TASK OBJECTIVE:
Copy out every line of the material below, character for character, apart from the pictures.

GIVEN DATA:
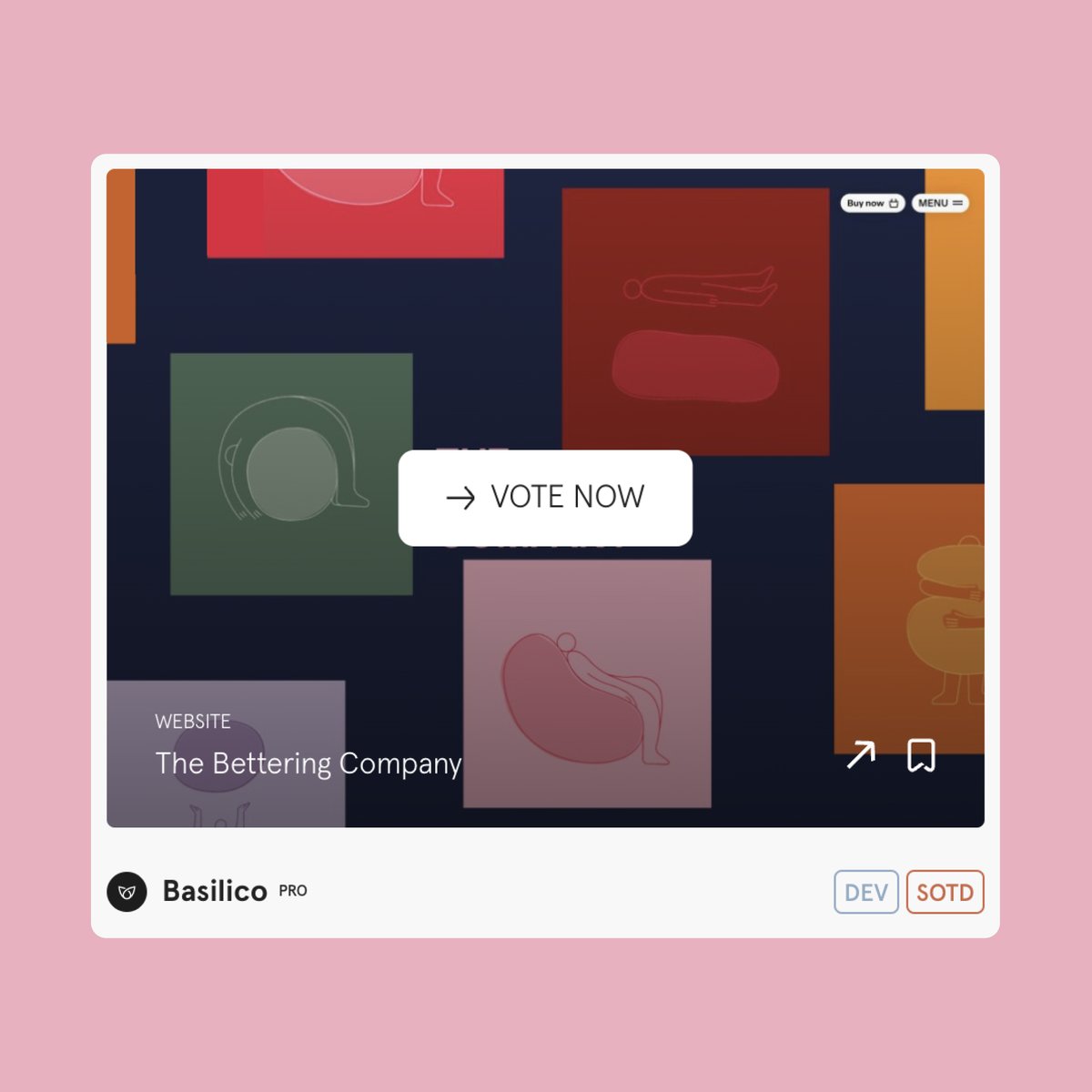 Guess who's running for #SiteOfTheMonth on @awwwards?
Spread ur love for The Bettering Company 🫶❤️‍🔥
→ lnkd.in/gv9wwMm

OUTPUT FOR THIS EXERCISE:
 Guess who's running for #SiteOfTheMonth on @awwwards?
Spread ur love for The Bettering Company 🫶❤️‍🔥
→ lnkd.in/gv9wwMm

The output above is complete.